=== Section Start ===
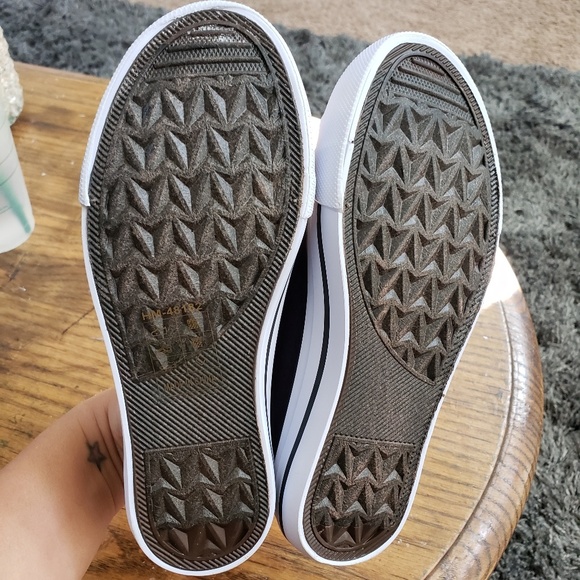 Handpainted Ravenclaw Shoes - Picture 6 of 6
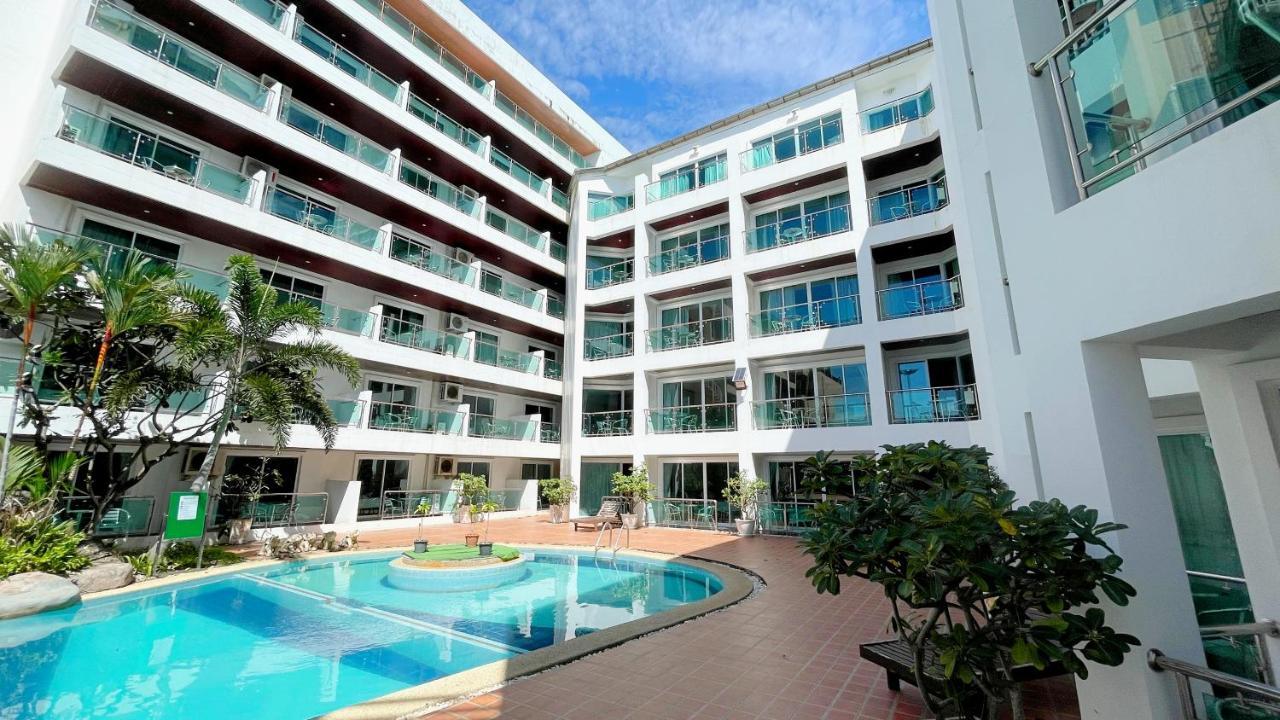 Dragon Beach Resort , Jomtien Beach Pattaya Exterior photo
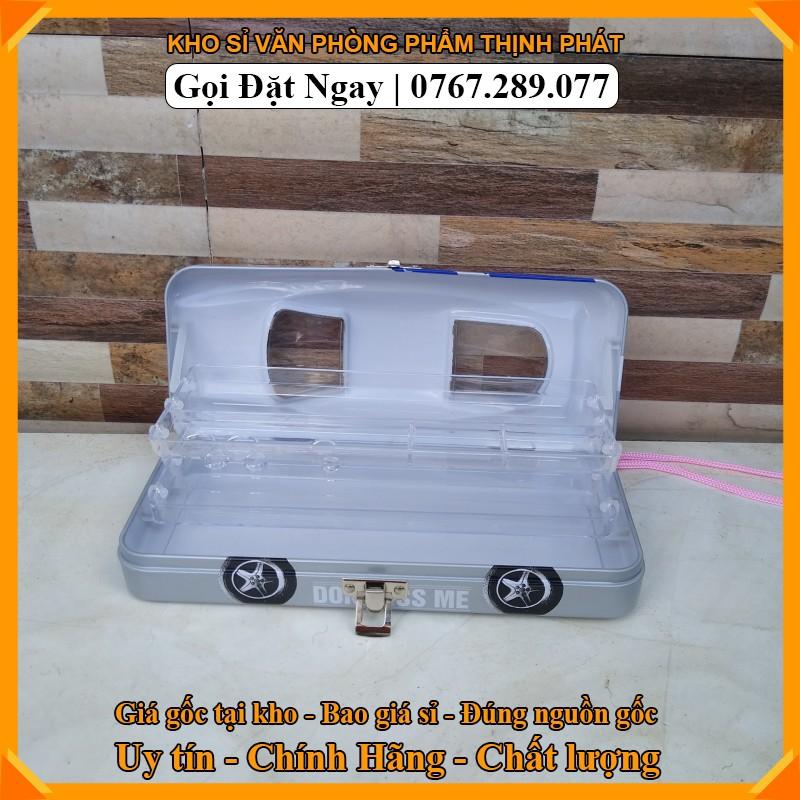 Hộp đựng mô hình oto bằng kim loại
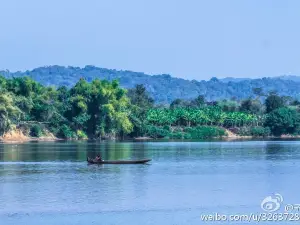 Lake Yeak Laom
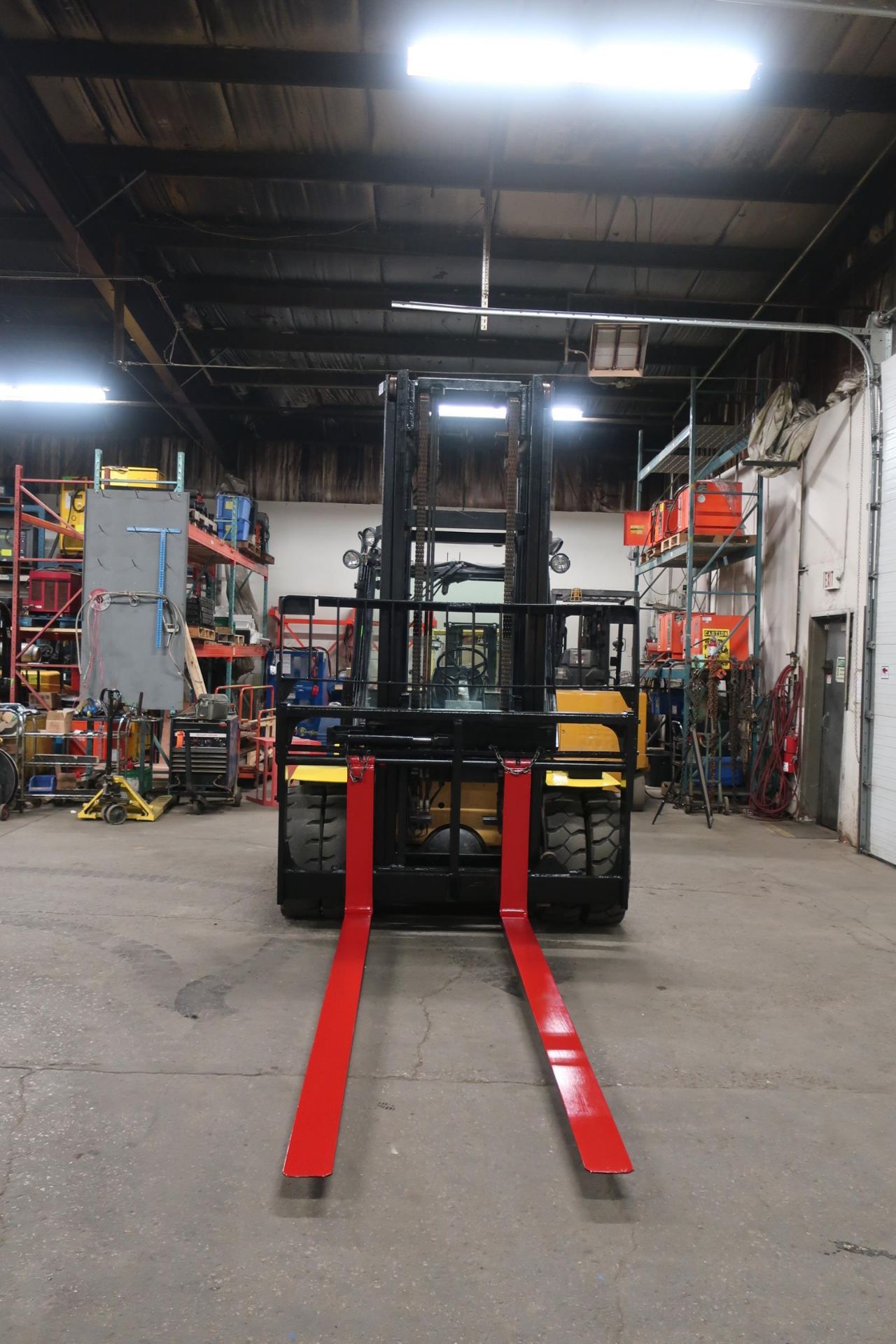 FREE CUSTOMS - Hyster 15500lbs Capacity OUTDOOR Forklift Diesel with sideshift DUAL FRONT TIRES - Image 3 of 4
=== Section End ===
Write every line above out again exactly; pictures do not belong in the copy.

 Handpainted Ravenclaw Shoes - Picture 6 of 6
 Dragon Beach Resort , Jomtien Beach Pattaya Exterior photo
 Hộp đựng mô hình oto bằng kim loại
 Lake Yeak Laom
 FREE CUSTOMS - Hyster 15500lbs Capacity OUTDOOR Forklift Diesel with sideshift DUAL FRONT TIRES - Image 3 of 4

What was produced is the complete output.